Ceza yargılamasında kanıt serbestliği ilkesi başlığı altında toplayabileceğimiz temel prensiplere göre; a) Herşeyin kanıt olabileceği (hukuka uygun yöntemlerle elde edilmiş), b) İlgililerin kanıt ileri sürebilecekleri, c) Hâkimin kendiliğinden kanıt araştırabileceği, (hatta zorunlu olarak araştırması gerektiği), d) Kanıt ileri sürmede zaman kısıtlaması olamayacağı, e) Kanıtlama külfetinin sanığa yüklenemeyeceği, f) Kanıt değerlendirmede hâkimi bağlayan üstün kanıtın söz konusu olmayıp hâkimin tüm kanıtları serbestçe değerlendirebileceği, (vicdani kanaat) ceza yargılamasının temel ilkeleridir. Bu ilkelerin birinden dahi vazgeçmek, ceza yargılamasının temel ilke ve yapısına aykırı davranmak anlamını taşır (YCGK., 08.04.1991 tarihli ve 81-111 sayılı).

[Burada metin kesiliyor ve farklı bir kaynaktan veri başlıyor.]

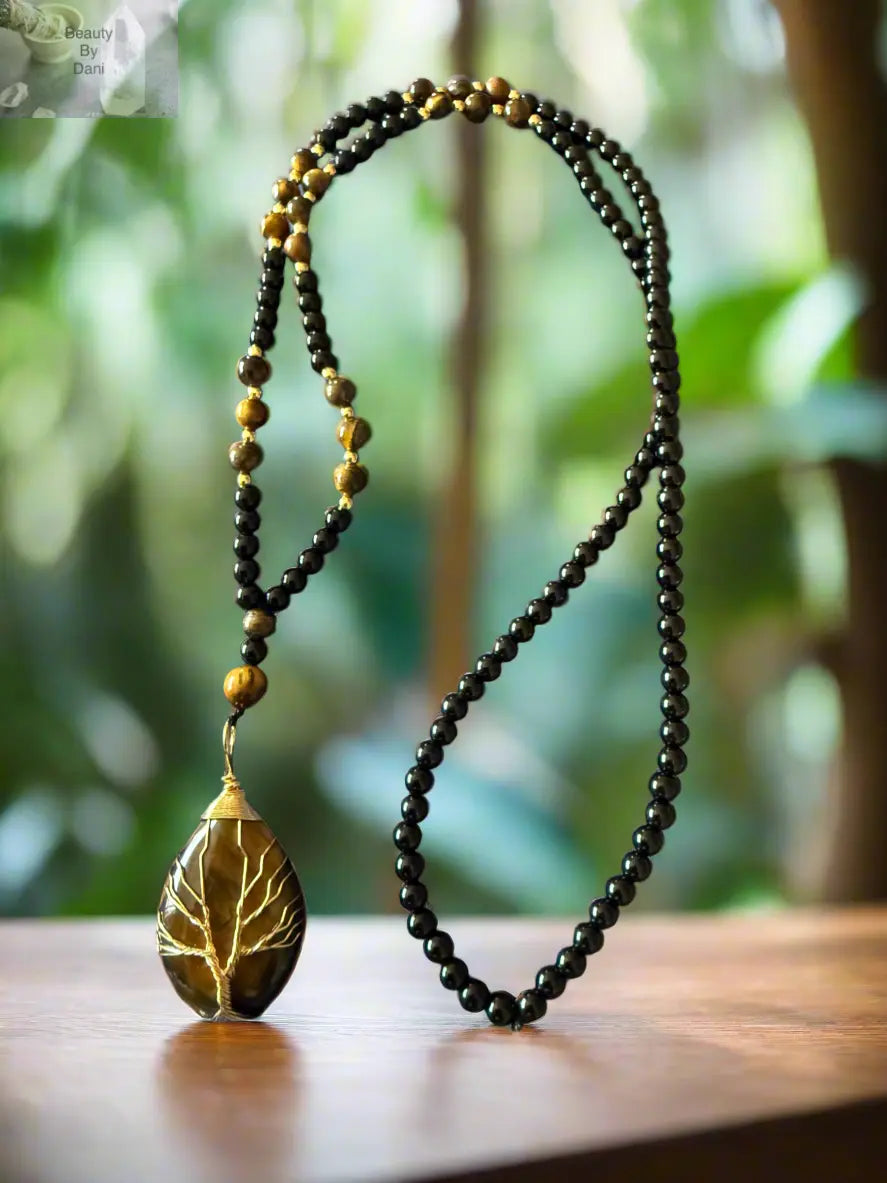 Tigers Eye and Onyx Healing Necklace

Amacı, somut olayda maddi gerçeğe ulaşarak adeleti sağlamak, suçu işlediği sabit olan faili cezalandırmak, kamu düzeninin bozulmasını önlemek ve bozulan kamu düzenini yeniden tesis etmek olan ceza muhakemesinin en önemli ve evrensel nitelikteki ilkelerinden birisi de öğreti ve uygulamada; suçsuzluk ya da masumiyet karinesi olarak adlandırılan kuralın bir uzantısı olan ve Latincede; in dubio pro reo olarak ifade edilen şüpheden sanık yararlanır ilkesidir. Bu ilkenin özü, ceza davasında sanığın mahkûmiyetine karar verilebilmesi bakımından göz önünde bulundurulması gereken herhangi bir soruna ilişkin şüphenin, mutlaka sanık yararına değerlendirilmesidir. Oldukça geniş bir uygulama alanı bulunan bu kural, dava konusu suçun işlenip işlenmediği, işlenmişse sanık tarafından işlenip işlenmediği veya gerçekleştirilme biçimi konusunda bir şüphe belirmesi halinde de geçerlidir. Sanığın bir suçtan cezalandırılabilmesinin temel şartı, suçun hiçbir şüpheye mahal bırakmayacak kesinlikte ispat edilmesidir. Gerçekleşme şekli şüpheli veya tam olarak aydınlatılamamış olay ve iddialar sanığın aleyhine yorumlanarak mahkûmiyet hükmü kurulamaz. Ceza mahkumiyeti; herhangi bir ihtimale değil, kesin ve açık ispata dayanmalı, bu ispat hiçbir şüphe ya da başka türlü oluşa imkan vermemelidir. Toplanan delillerin bir kısmına gözetilip diğer kısmı gözardı edilerek ulaşılan kanaat üzerinden yüksek de olsa bir ihtimale sanığı cezalandırmak, ceza muhakemesinin en önemli amacı olan gerçeğe ulaşmadan hüküm vermek anlamına gelecektir (Y CGK., 11.6.2013 tarihli ve36-294 sayılı).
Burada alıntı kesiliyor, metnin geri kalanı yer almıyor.